Using the listing below, please print exactly the lines from the one with "Mapa Shropshire, c1788" through the one with "Size: 1000x1451 |". Leave out every picture.

## Data:
──────────────────────────────

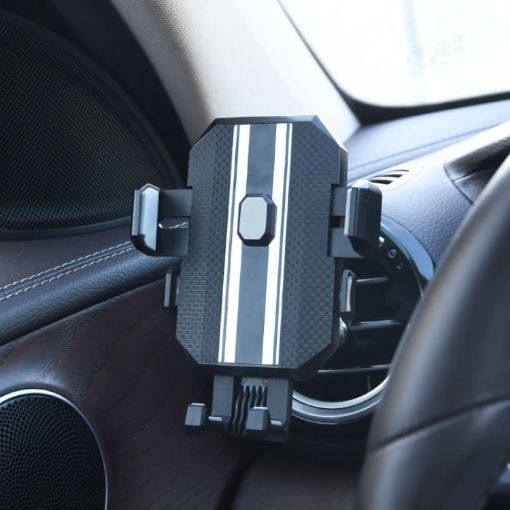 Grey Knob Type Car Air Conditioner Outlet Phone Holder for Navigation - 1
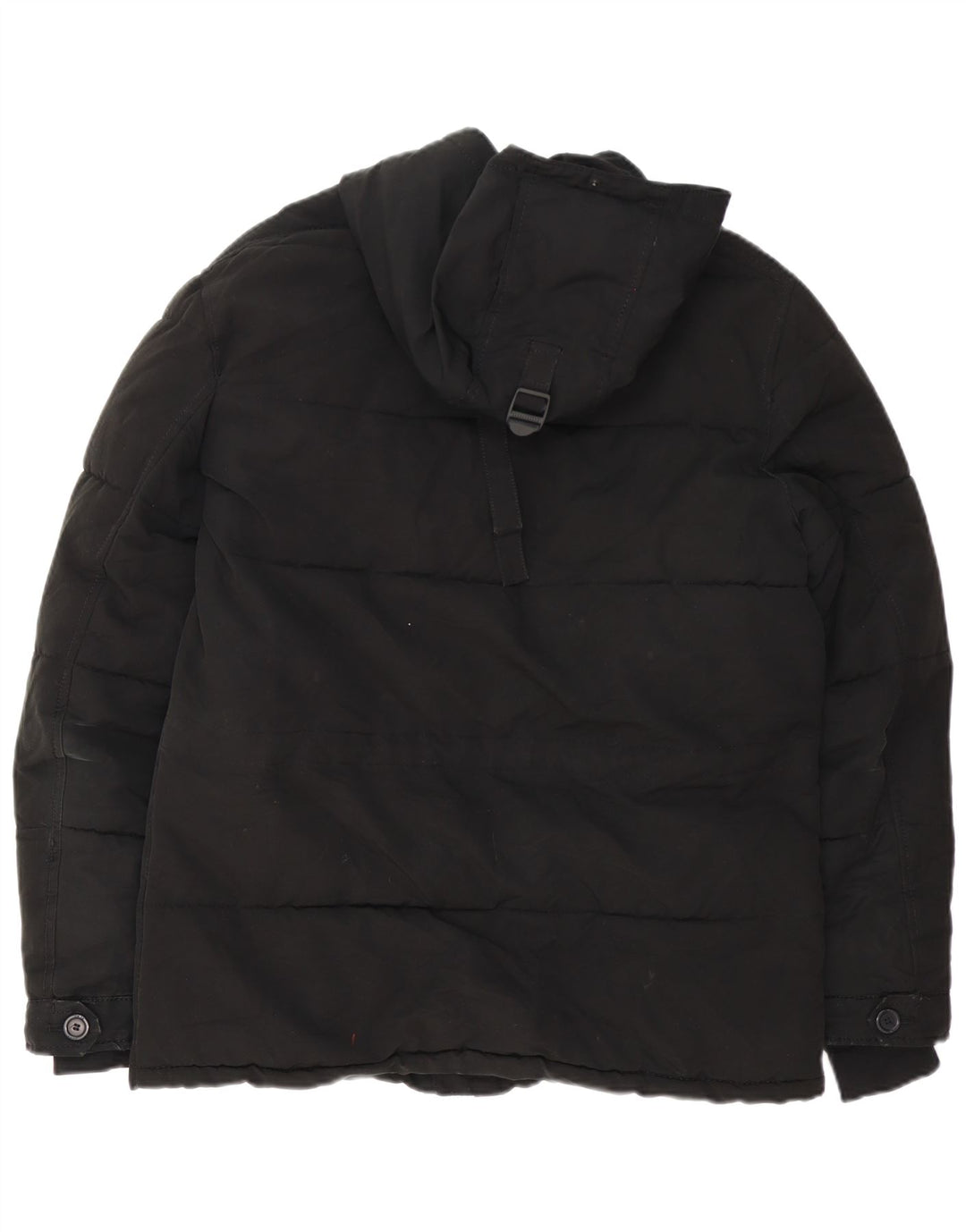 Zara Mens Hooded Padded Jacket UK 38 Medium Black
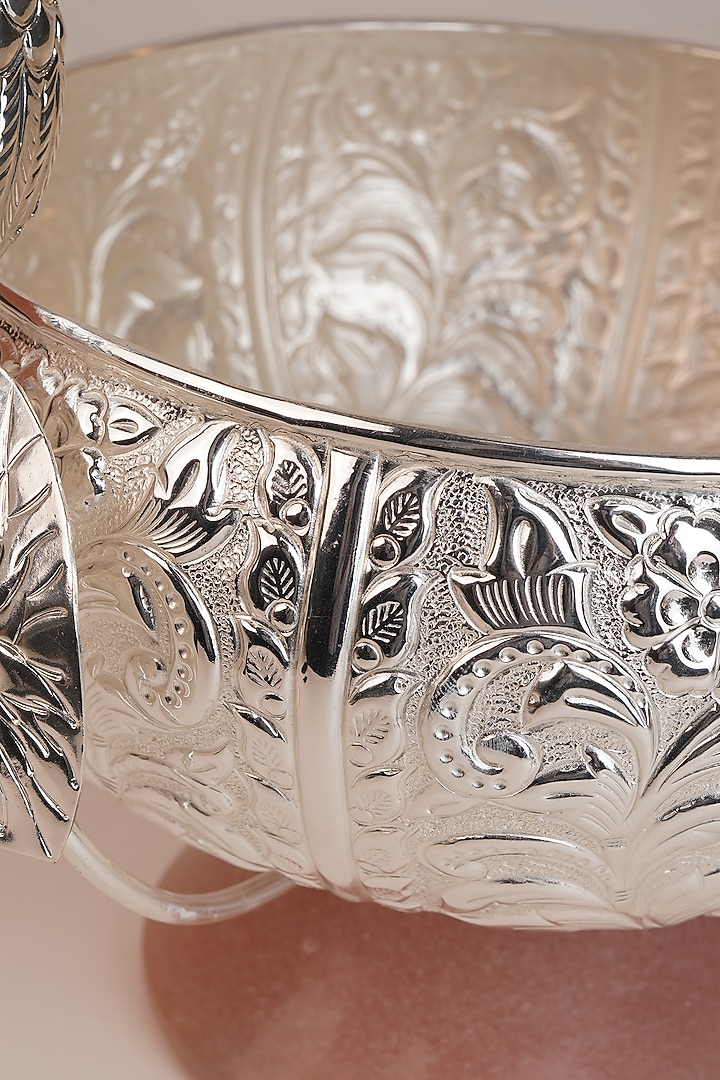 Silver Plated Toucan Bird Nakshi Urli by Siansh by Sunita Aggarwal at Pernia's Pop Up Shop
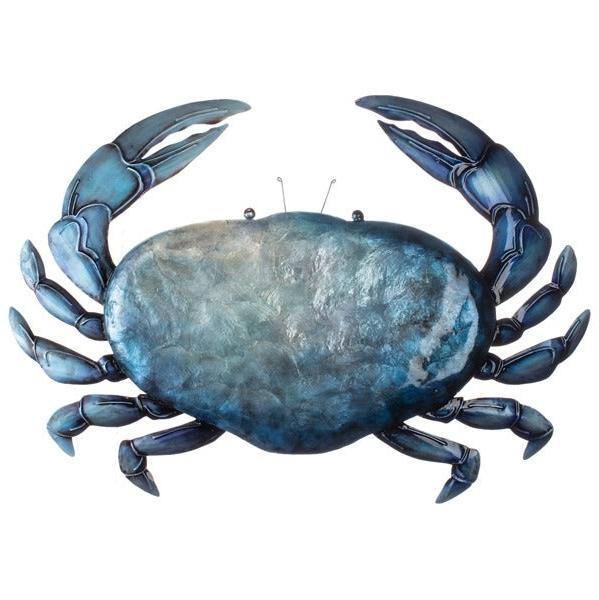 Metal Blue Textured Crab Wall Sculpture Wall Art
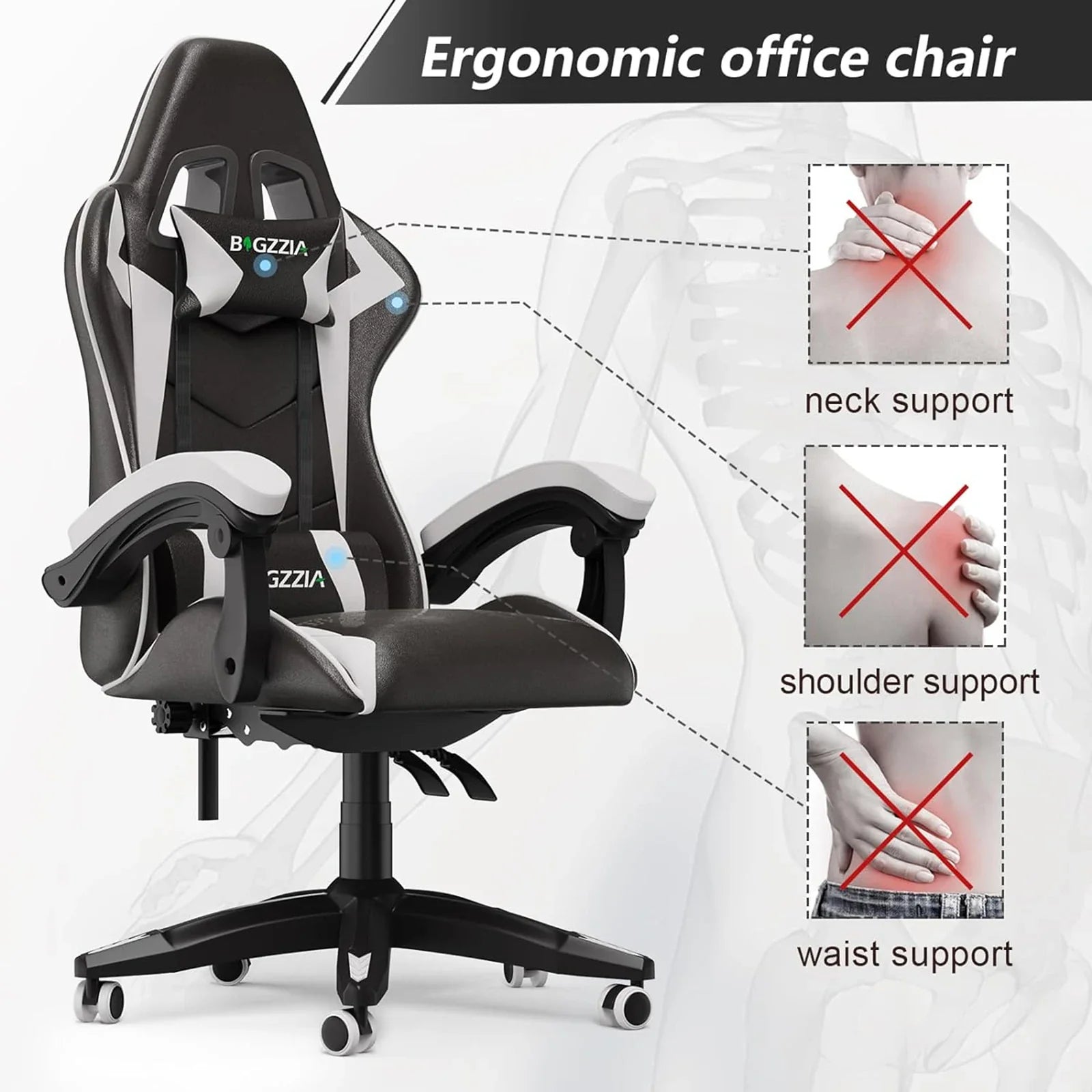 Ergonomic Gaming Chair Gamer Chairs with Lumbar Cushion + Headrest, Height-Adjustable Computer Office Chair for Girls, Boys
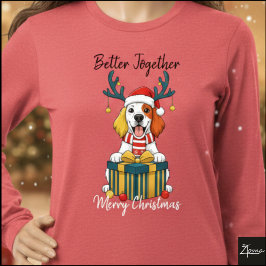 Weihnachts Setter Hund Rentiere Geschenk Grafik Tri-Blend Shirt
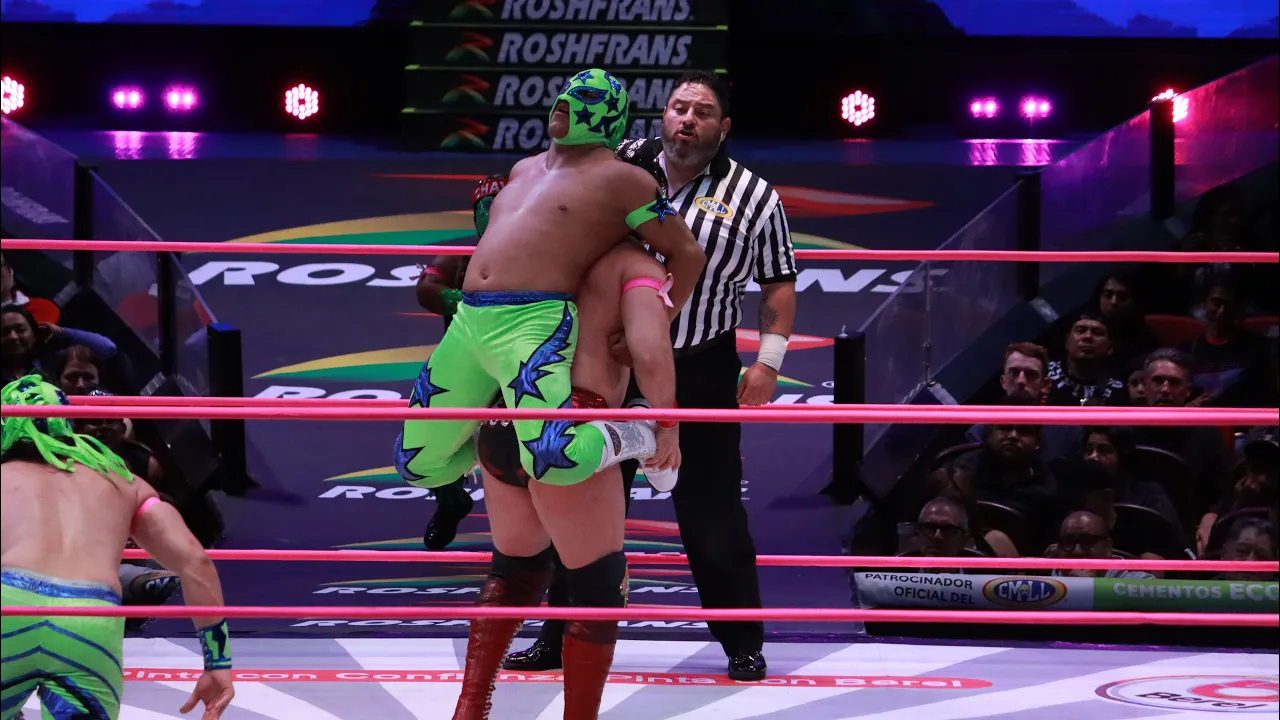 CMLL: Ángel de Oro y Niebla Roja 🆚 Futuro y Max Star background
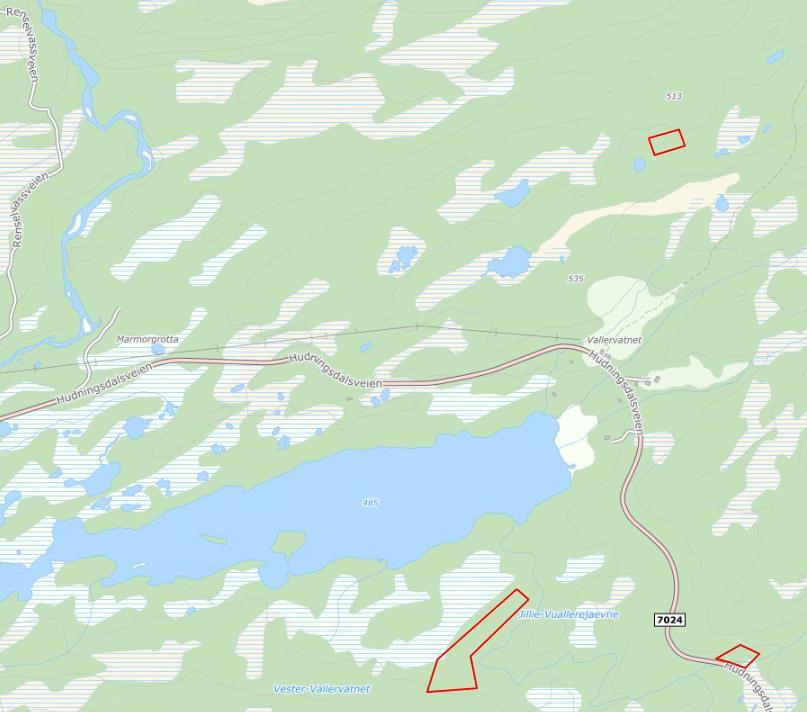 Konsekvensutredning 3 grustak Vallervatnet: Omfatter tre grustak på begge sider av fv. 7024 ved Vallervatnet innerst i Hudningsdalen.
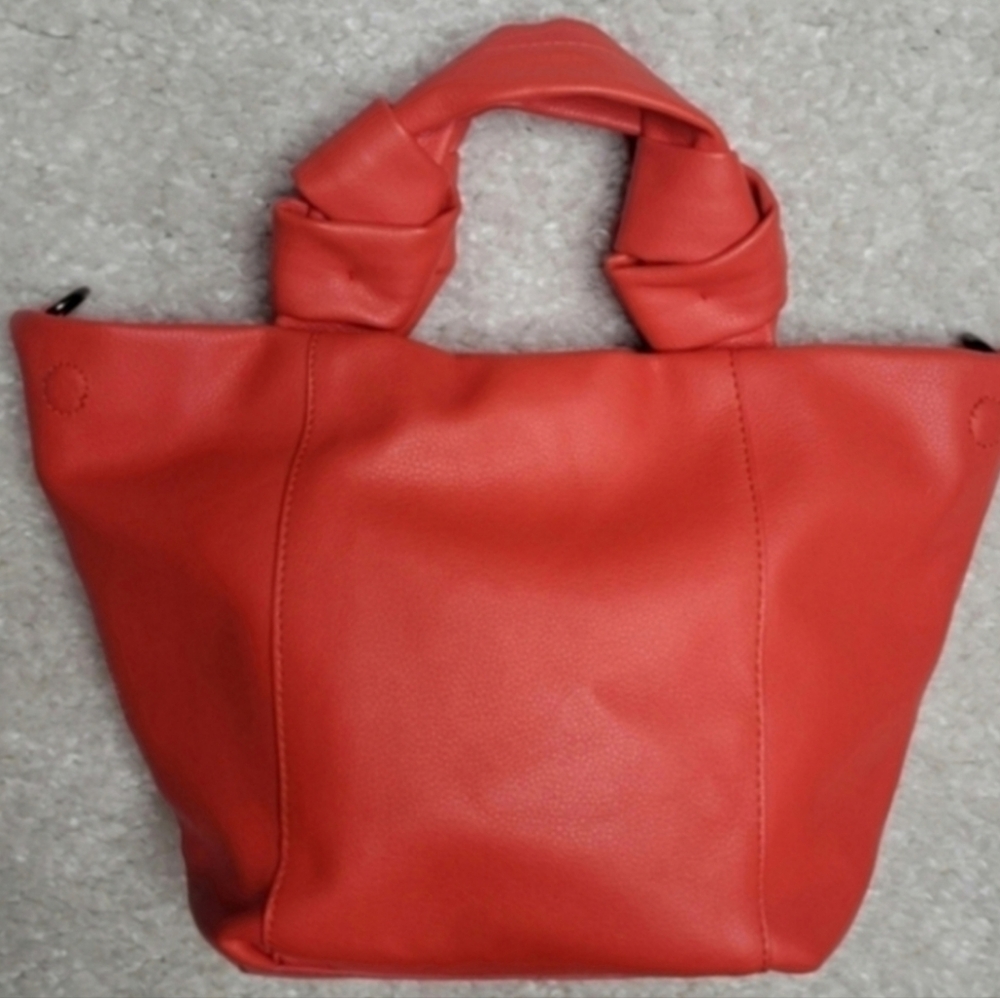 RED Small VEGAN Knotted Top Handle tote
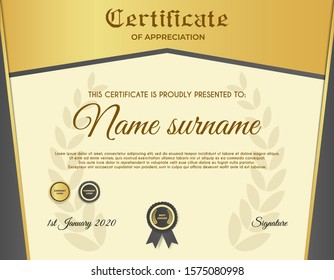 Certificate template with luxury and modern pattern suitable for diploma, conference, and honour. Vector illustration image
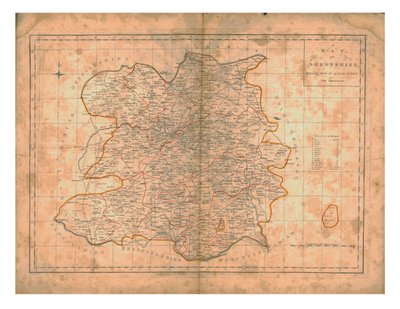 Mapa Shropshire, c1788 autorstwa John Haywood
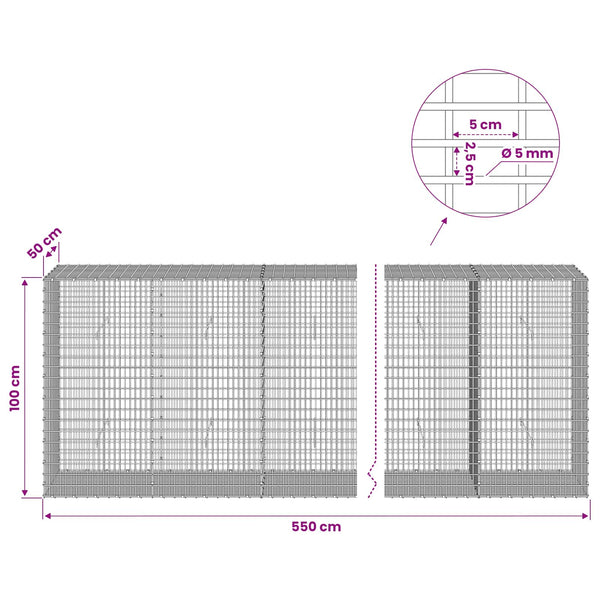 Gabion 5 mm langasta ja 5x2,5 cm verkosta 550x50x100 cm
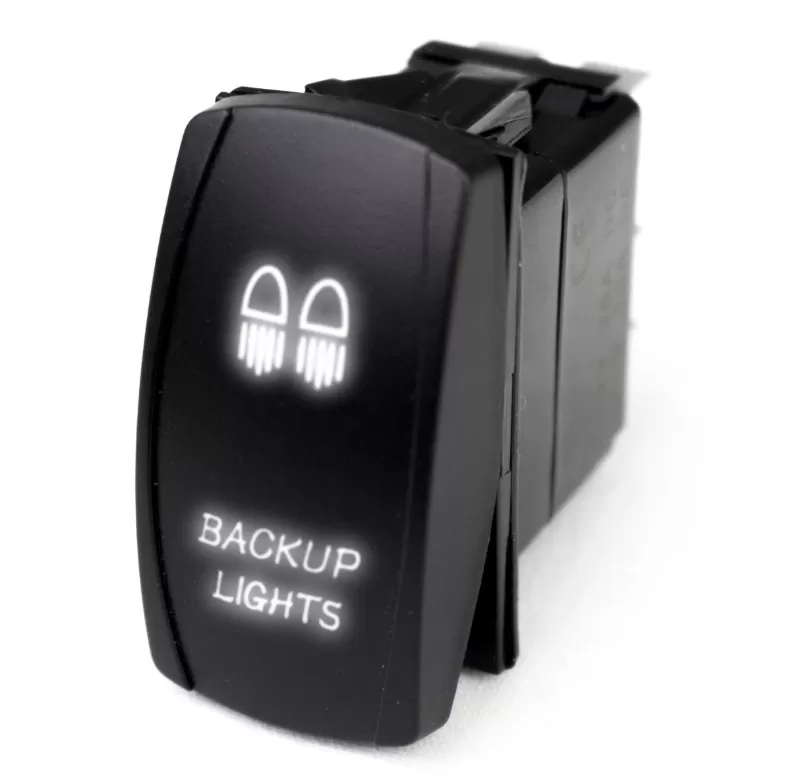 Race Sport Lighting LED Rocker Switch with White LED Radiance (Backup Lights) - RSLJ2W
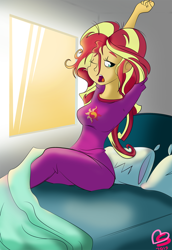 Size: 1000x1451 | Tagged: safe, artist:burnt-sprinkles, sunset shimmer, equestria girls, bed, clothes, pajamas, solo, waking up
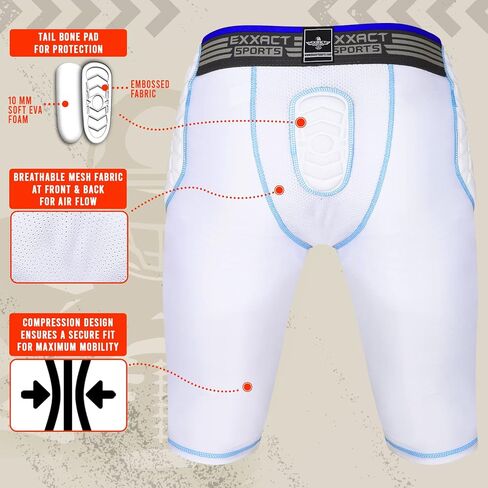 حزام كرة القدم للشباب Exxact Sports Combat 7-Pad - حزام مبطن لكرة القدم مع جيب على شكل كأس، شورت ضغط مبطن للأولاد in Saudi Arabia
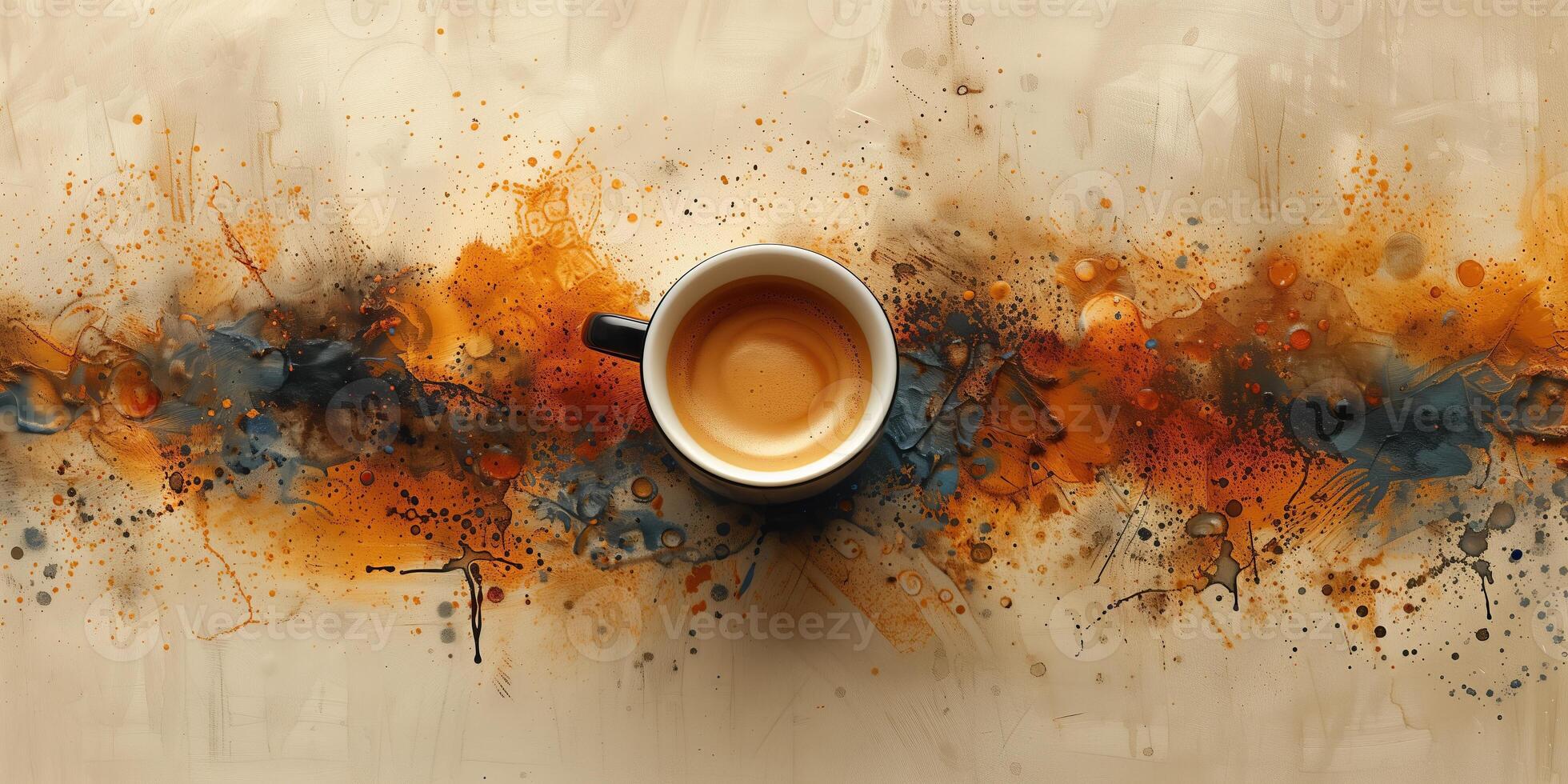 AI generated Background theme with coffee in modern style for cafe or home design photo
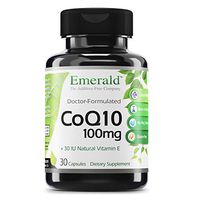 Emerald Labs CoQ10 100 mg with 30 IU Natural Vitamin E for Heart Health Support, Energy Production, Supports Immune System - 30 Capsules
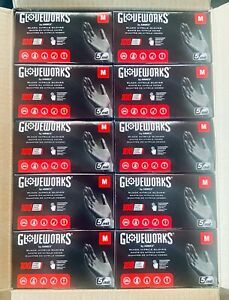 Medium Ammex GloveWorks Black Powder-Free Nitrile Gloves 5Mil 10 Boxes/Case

──────────────────────────────

## Result of this exercise:
 Mapa Shropshire, c1788 autorstwa John Haywood
 Gabion 5 mm langasta ja 5x2,5 cm verkosta 550x50x100 cm
 Race Sport Lighting LED Rocker Switch with White LED Radiance (Backup Lights) - RSLJ2W
 Size: 1000x1451 | Tagged: safe, artist:burnt-sprinkles, sunset shimmer, equestria girls, bed, clothes, pajamas, solo, waking up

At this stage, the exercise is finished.